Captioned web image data
#####
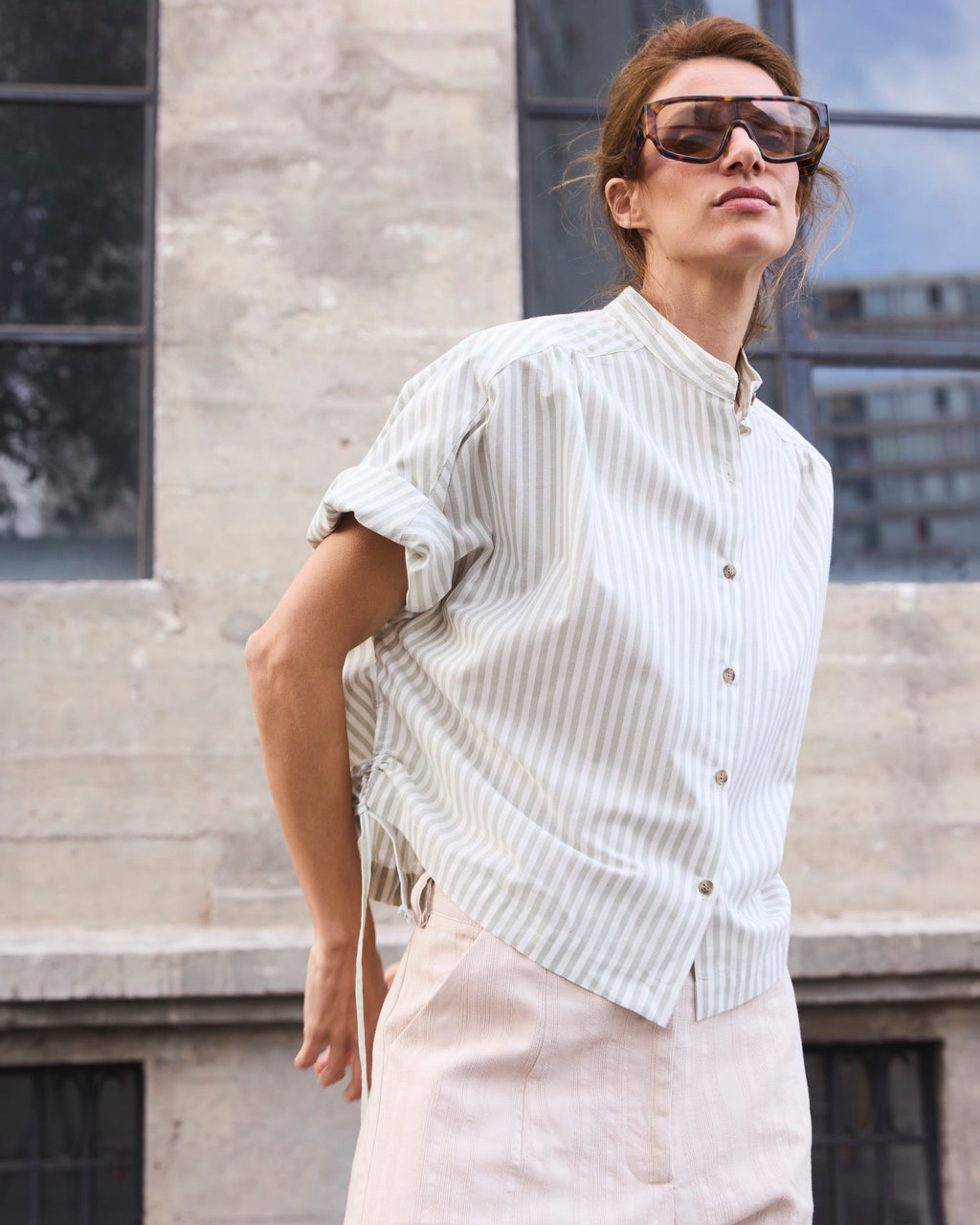 Blusa Reve 100% Algodón Listada Verde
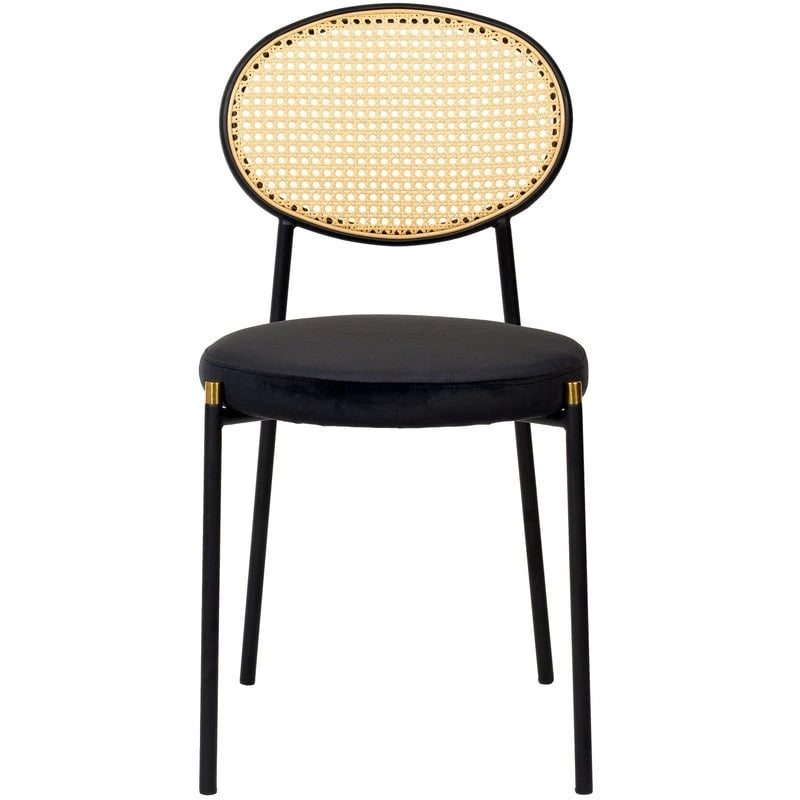 Lot de 4 chaises de salle à manger modernes Euston avec dossier en osier et assise en velours rembourré pour la maison, le bureau, le salon et la cuisine
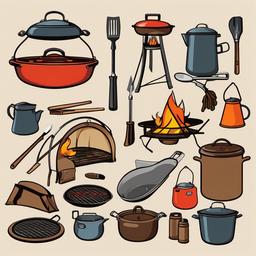 Camping clipart - outdoor cooking equipment  vector clipart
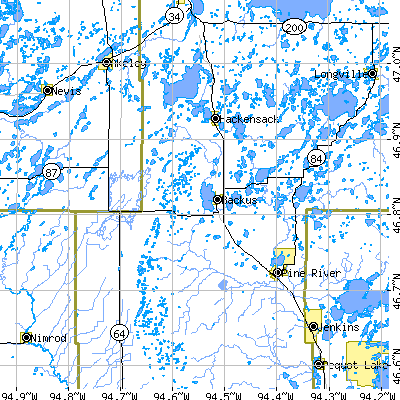 Zip code 56435 close-up map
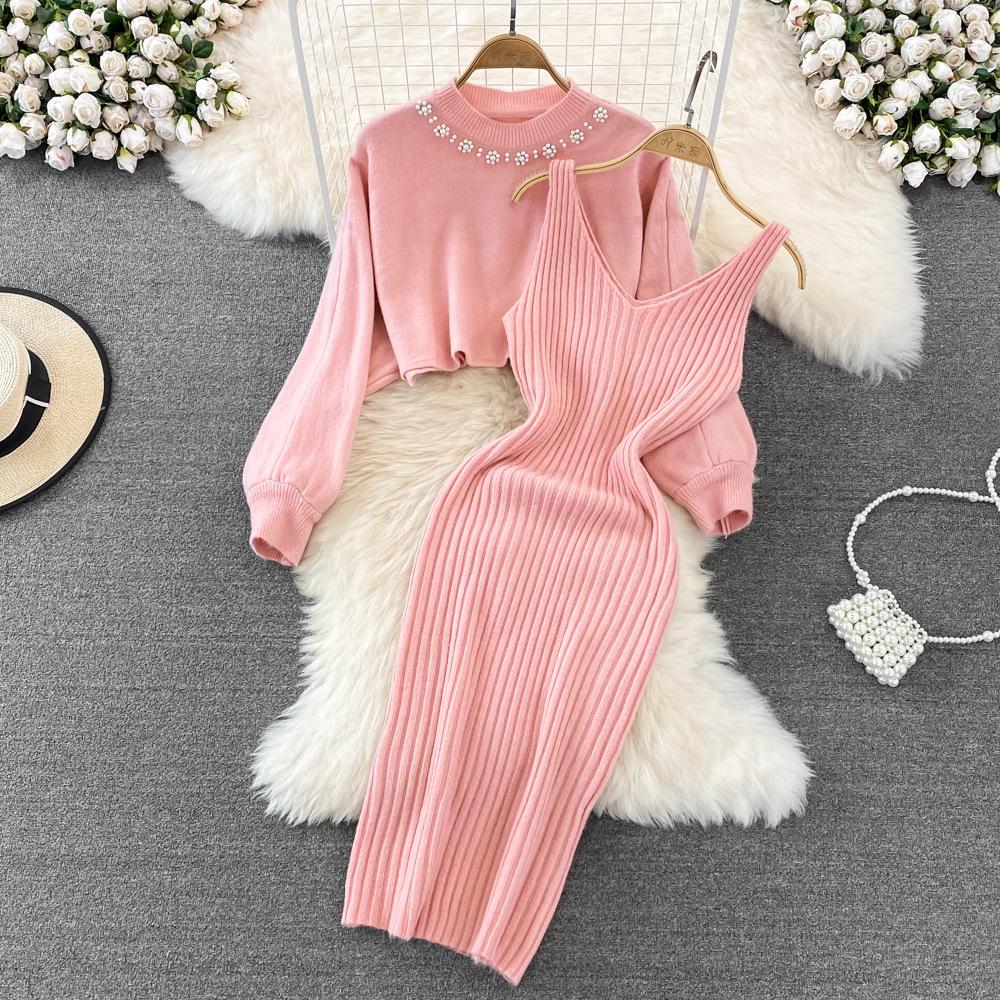 Celebrity Temperament Round Neck Beaded High Waist Short Belly Button Sweater Two-piece Set Spice Girl Knitted Vest Dress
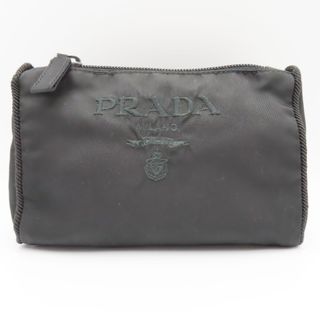 プラダ(PRADA)のM06 PRADA プラダ ロゴ ナイロン アクセサリーポーチ ミニポーチ ブラック(ポーチ)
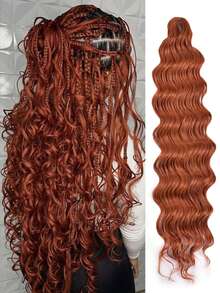 24英寸安娜卷曲绿色合成假发,海洋波浪钩针假发,深波浪卷曲钩针假发,女士卷曲编织接发,水波纹编织假发,渐变金色扭辫钩针卷发假发,适合万圣节、圣诞节、节日等场合 - 彩色 - 查看 20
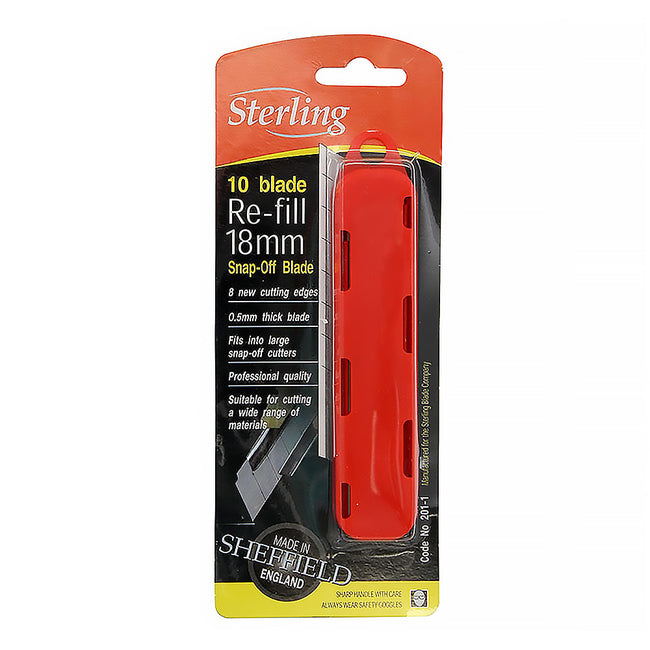 STERLING 18mm Replacement Snap Off Blades Refill x 10 Pack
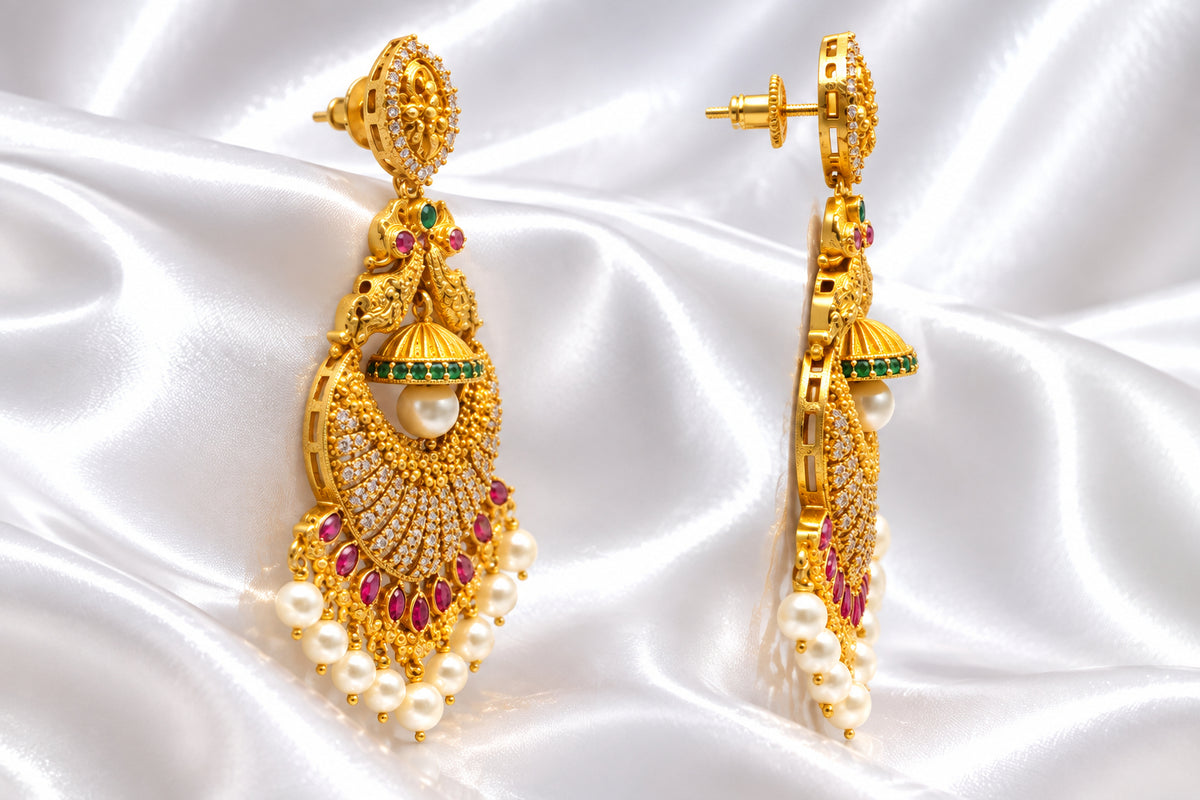 Antique Gold Peacock Chandbali Earrings with Hanging Mini Jhumka & Pearl Drops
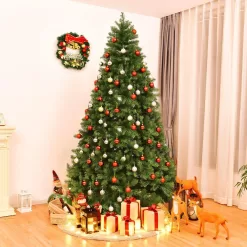 Costway CM20716 8 ft. Pre-Lit Dense PVC Christmas Tree Spruce Hinged with 880 LED Lights and Stand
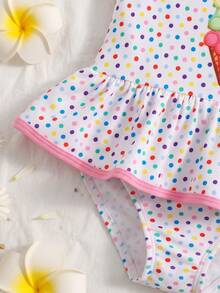 SHEIN Baby Girl Knitted Polka Dot Ice Cream Pattern Romper Swimsuit - Multicolor - View 5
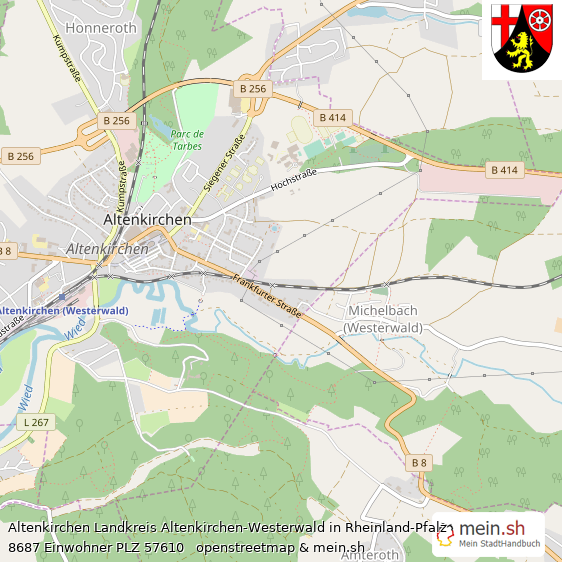 Altenkirchen Landkreis Altenkirchen-Westerwald Lageplan © Openstreetmap Contributors Altenkirchen Großes Dorf Lageplan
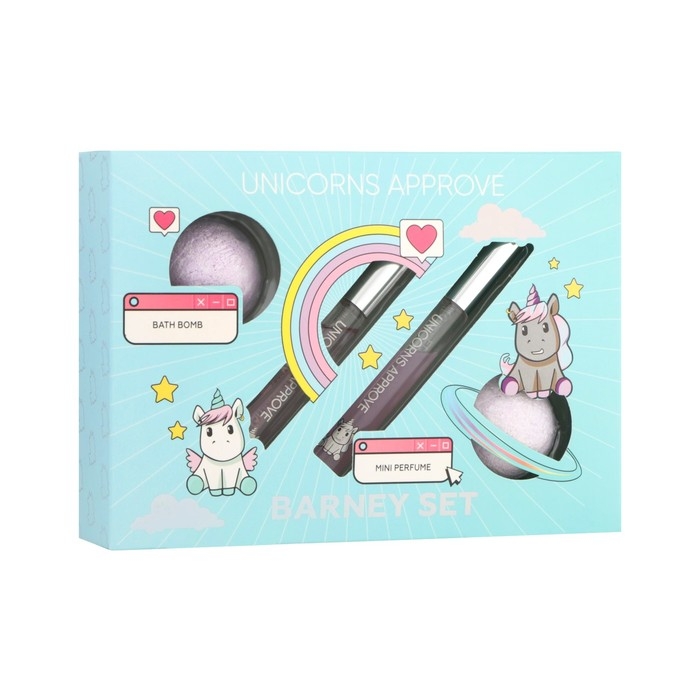 Подарочный набор косметики Unicorns Approve Подарочный набор косметики Unicorns Approve "Barney" (туалетная вода,10 мл 2 шт + бомбочка для ванны 2 шт)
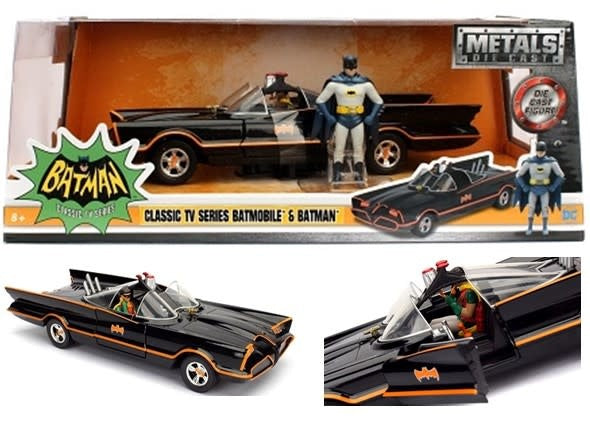 1:24 W/B Metals - 1966 Classic TV Series Batmobile W/ Batman & Robin  Figures (black) JADA 98259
#####
• _Problem statement_: All of the records above are to be written out exactly, minus their images.

• _Output below_:
 Blusa Reve 100% Algodón Listada Verde
 Lot de 4 chaises de salle à manger modernes Euston avec dossier en osier et assise en velours rembourré pour la maison, le bureau, le salon et la cuisine
 Camping clipart - outdoor cooking equipment  vector clipart
 Zip code 56435 close-up map
 Celebrity Temperament Round Neck Beaded High Waist Short Belly Button Sweater Two-piece Set Spice Girl Knitted Vest Dress
 プラダ(PRADA)のM06 PRADA プラダ ロゴ ナイロン アクセサリーポーチ ミニポーチ ブラック(ポーチ)
 24英寸安娜卷曲绿色合成假发,海洋波浪钩针假发,深波浪卷曲钩针假发,女士卷曲编织接发,水波纹编织假发,渐变金色扭辫钩针卷发假发,适合万圣节、圣诞节、节日等场合 - 彩色 - 查看 20
 STERLING 18mm Replacement Snap Off Blades Refill x 10 Pack
 Antique Gold Peacock Chandbali Earrings with Hanging Mini Jhumka & Pearl Drops
 Costway CM20716 8 ft. Pre-Lit Dense PVC Christmas Tree Spruce Hinged with 880 LED Lights and Stand
 SHEIN Baby Girl Knitted Polka Dot Ice Cream Pattern Romper Swimsuit - Multicolor - View 5
 Altenkirchen Landkreis Altenkirchen-Westerwald Lageplan © Openstreetmap Contributors Altenkirchen Großes Dorf Lageplan
 Подарочный набор косметики Unicorns Approve Подарочный набор косметики Unicorns Approve "Barney" (туалетная вода,10 мл 2 шт + бомбочка для ванны 2 шт)
 1:24 W/B Metals - 1966 Classic TV Series Batmobile W/ Batman & Robin  Figures (black) JADA 98259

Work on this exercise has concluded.